On or about December 22, 2021, the Cayuga Nation purchased the 126 E. Bayard Street property from the Seneca-Cayuga Nation. (Dkt. No. 1, ¶ 4; Dkt. No. 47-1, at 25–26).10 On January 1, 2022, the Cayuga Nation assumed possession of the property. (Dkt. No. 1, ¶ 49). According to the Complaint, the Cayuga Nation “found cigarettes totaling over 10,000,000” at the Seneca Falls Pipekeepers. (Id. ¶ 53). The Complaint alleges that Defendants “shipped, transported, received, possessed, sold, distributed, or purchased contraband cigarettes or contraband smokeless tobacco in violation of the Contraband Cigarette Trafficking Act, 18 U.S.C. §§ 2341–46.” (Id.).

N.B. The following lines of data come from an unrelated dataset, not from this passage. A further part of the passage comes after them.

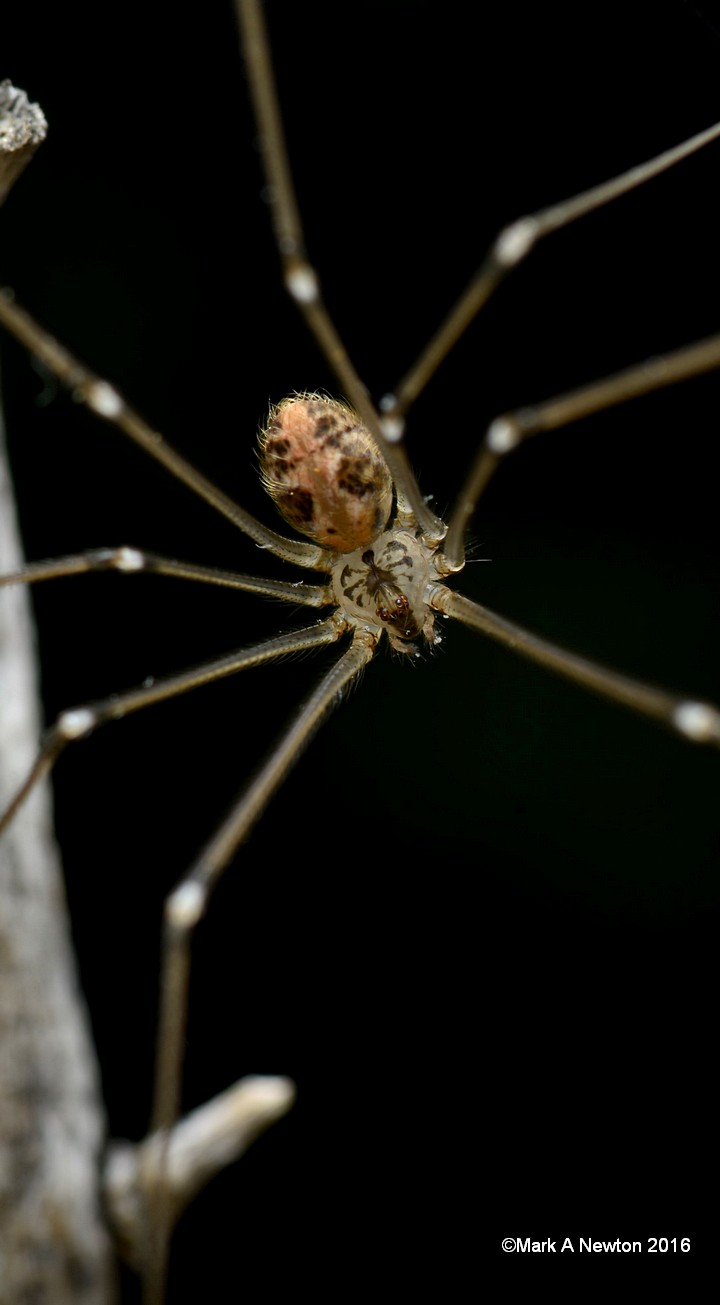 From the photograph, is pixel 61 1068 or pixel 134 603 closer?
pixel 61 1068

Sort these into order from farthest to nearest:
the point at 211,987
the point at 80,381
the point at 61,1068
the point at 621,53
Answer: the point at 211,987 → the point at 621,53 → the point at 80,381 → the point at 61,1068

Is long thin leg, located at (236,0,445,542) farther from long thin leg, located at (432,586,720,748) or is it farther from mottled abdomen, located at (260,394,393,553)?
long thin leg, located at (432,586,720,748)

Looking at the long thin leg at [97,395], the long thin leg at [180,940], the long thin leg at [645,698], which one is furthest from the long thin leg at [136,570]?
the long thin leg at [645,698]

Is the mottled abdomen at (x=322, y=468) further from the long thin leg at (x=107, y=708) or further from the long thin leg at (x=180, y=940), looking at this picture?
the long thin leg at (x=180, y=940)

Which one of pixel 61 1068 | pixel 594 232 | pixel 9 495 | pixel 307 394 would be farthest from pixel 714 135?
pixel 61 1068

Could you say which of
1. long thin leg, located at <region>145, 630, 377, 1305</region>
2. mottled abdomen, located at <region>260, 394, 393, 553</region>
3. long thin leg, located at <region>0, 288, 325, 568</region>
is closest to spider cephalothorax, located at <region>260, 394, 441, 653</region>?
mottled abdomen, located at <region>260, 394, 393, 553</region>

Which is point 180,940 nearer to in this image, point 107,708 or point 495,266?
point 107,708

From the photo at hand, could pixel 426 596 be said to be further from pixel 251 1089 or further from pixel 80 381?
pixel 251 1089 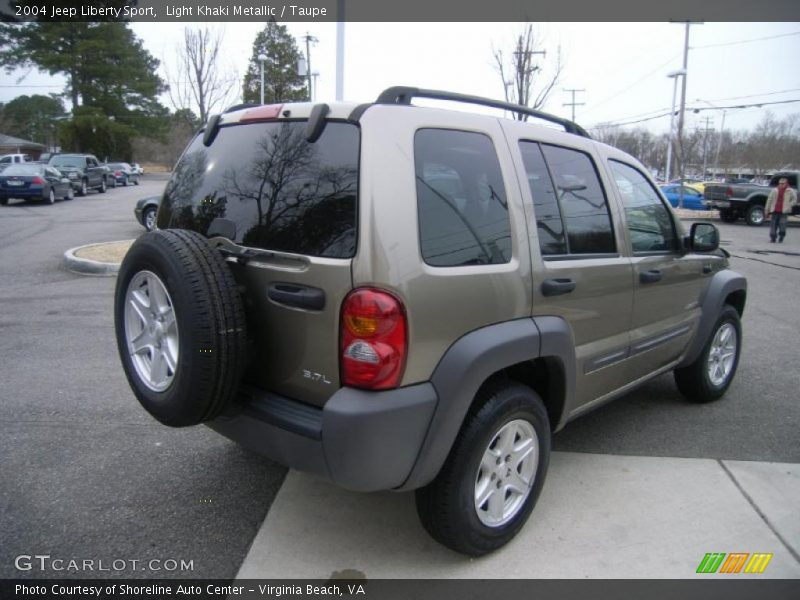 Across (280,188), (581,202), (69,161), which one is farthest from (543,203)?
(69,161)

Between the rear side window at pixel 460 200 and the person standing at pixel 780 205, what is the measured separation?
16.0 metres

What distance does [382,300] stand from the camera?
2.10m

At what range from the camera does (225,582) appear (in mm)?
2420

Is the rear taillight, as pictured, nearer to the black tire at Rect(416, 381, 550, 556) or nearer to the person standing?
the black tire at Rect(416, 381, 550, 556)

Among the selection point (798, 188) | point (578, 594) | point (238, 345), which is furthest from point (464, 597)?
point (798, 188)

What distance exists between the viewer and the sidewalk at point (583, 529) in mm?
2543

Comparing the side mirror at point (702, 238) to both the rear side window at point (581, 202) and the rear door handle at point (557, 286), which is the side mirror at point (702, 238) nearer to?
the rear side window at point (581, 202)

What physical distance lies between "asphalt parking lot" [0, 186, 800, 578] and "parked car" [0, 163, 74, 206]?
17.1 metres

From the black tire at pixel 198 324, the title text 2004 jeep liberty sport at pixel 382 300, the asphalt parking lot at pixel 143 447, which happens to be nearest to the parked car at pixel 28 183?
the asphalt parking lot at pixel 143 447

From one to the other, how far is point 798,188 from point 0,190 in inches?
1106

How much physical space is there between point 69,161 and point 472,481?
31.6 m

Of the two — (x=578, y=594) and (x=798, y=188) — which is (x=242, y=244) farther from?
(x=798, y=188)

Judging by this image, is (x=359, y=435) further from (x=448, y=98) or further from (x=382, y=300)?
(x=448, y=98)

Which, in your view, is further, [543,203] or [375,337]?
[543,203] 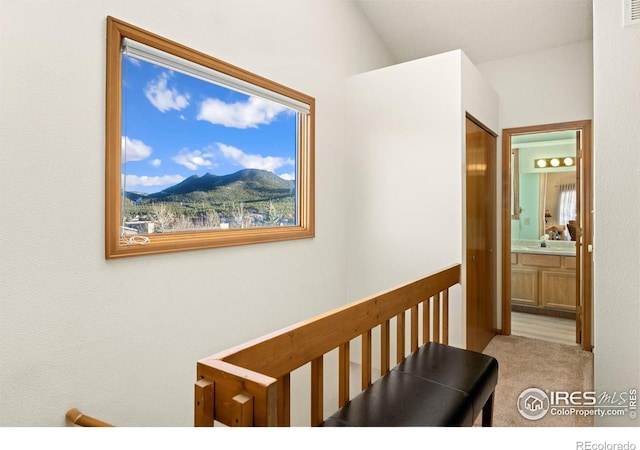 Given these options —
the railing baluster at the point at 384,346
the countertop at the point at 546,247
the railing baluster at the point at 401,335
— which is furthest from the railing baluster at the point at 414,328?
the countertop at the point at 546,247

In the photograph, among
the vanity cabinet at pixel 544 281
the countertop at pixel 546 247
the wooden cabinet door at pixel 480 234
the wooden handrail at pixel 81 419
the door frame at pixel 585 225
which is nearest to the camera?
the wooden handrail at pixel 81 419

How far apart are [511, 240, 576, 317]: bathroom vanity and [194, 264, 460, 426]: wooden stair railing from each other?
3131 mm

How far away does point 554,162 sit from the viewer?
4.89m

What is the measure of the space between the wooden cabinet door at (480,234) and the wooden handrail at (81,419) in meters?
2.43

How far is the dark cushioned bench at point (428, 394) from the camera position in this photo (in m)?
1.33

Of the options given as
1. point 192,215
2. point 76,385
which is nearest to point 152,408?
point 76,385

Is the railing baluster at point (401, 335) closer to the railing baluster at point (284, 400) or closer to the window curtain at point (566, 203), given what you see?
the railing baluster at point (284, 400)

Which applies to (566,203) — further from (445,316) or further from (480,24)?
(445,316)

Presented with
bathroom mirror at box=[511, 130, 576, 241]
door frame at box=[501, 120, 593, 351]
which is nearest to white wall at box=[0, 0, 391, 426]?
door frame at box=[501, 120, 593, 351]

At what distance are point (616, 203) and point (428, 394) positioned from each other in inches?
54.7

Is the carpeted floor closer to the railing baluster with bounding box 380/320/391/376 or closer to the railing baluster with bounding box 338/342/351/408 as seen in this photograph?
the railing baluster with bounding box 380/320/391/376

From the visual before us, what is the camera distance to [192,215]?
80.9 inches

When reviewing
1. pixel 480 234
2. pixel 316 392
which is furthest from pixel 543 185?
pixel 316 392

According to Parker, in January 2022, “Halftown” opened a convenience store and smoke shop, renamed Lakeside Trading, at the 126 E. Bayard Street location. (Dkt. No. 30-1, ¶ 46). Parker states that when the Cayuga Nation took over the 126 E. Bayard Street property, it confiscated “approximately $200,000 in inventory” and gas “with a retail value of approximately $400,000,” and “[b]ased on the brands ... being sold,” he “believe[s] Lakeside is selling [his] inventory.” (Id. ¶¶ 42, 47).


2. Montezuma Pipekeepers
On January 12, 2022, Meyer’s other LLC, Defendant C.B. Brooks LLC, sold 7153 State Route 90 in the Town of Montezuma, a residential home, to Parker for $180,000. (Dkt. No. 2-2, ¶ 6; Dkt. No. 7-1, at 4; Dkt. No. 31-1, ¶¶ 19, 22).11 Parker purchased this property “with the intention[ ] of opening up a new Pipekeepers store” (“Montezuma Pipekeepers”). (Dkt. No. 30-1, ¶ 48). Parker states that the “property is zoned commercial and the business has obtained all necessary permits.” (Id. ¶ 49).12 According to Parker, the “new Pipekeepers has no affiliation to or materials that would demonstrate an affiliation with Halftown’s faction.” (Id. ¶ 50). The Cayuga Nation submitted pictures of the Montezuma property, which show a blue house with a wood fence. (Dkt. No. 7-2, at 1–3). The pictures do not show any signs. (Id.).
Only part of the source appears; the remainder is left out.